"Didimao," or Who is this "we" you are speaking of?

I don't know if this is stupid and tasteless, or just plain stupid. But I'll make a deal: If Congressman Cao stops trying to "appropriate" Japanese culture and language, I'll promise never to try to appropriate Vietnamese culture and language.

And it would be even nicer...

...if he actually knew how to pronounce "harakiri" at all correctly, or that "seppuku" is actually the more appropriate term. Or if he had actually gotten his example right....

But I guess *actually* knowing what you're talking about is too much to ask when you're trying to self-righteously act like you know what you're talking about.

I find it interesting that the kind of people who will say outrageously inappropriate stuff like this are usually the same kind of people who will get it wrong.

I wonder if that's his idea

I wonder if that's his idea of "black humor".

I thought seppuku was mostly just the samurai, or a warrior thing.

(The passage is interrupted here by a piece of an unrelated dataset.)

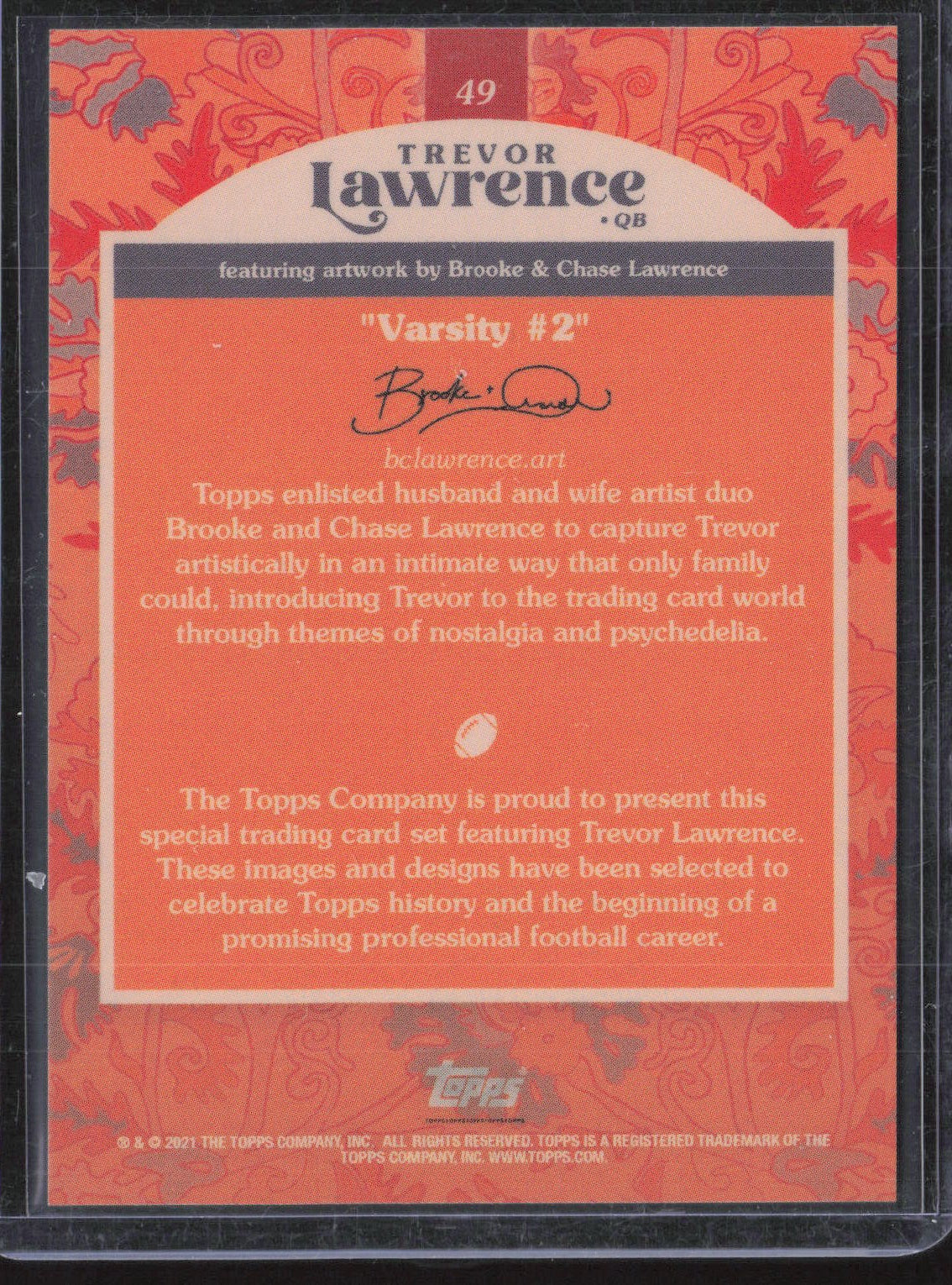 2021 Topps x Trevor Lawrence #49 Trevor Lawrence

As I understand it, in Japan, businesses that caused damage were liable for the full costs of the damage, and these debts would be visited on all the owners.

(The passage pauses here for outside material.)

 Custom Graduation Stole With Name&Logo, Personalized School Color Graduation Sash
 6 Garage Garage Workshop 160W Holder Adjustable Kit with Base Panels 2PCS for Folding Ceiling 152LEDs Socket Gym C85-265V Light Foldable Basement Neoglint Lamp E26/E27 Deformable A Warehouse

I was told that my great-grandfather had invested in a fishing boat, and the boat crashed on the rocks and the crew perished. The family was, basically, economically wiped out after paying for the deaths. So my grandfather eventually became a sailor, and that's how he ended up in America (in NYC). I'm not sure of the other particulars, like the Russo-Japanese war, the New Meiji depressions, etc.

If this old tradition or law were applied to BP, the company and its stockholders would be held liable for all damages and expenses related to the disaster.

(I say "old" because Japan probably does bailouts of big business disasters now.)

Maybe there *is* something to learn from old Japan's old ways.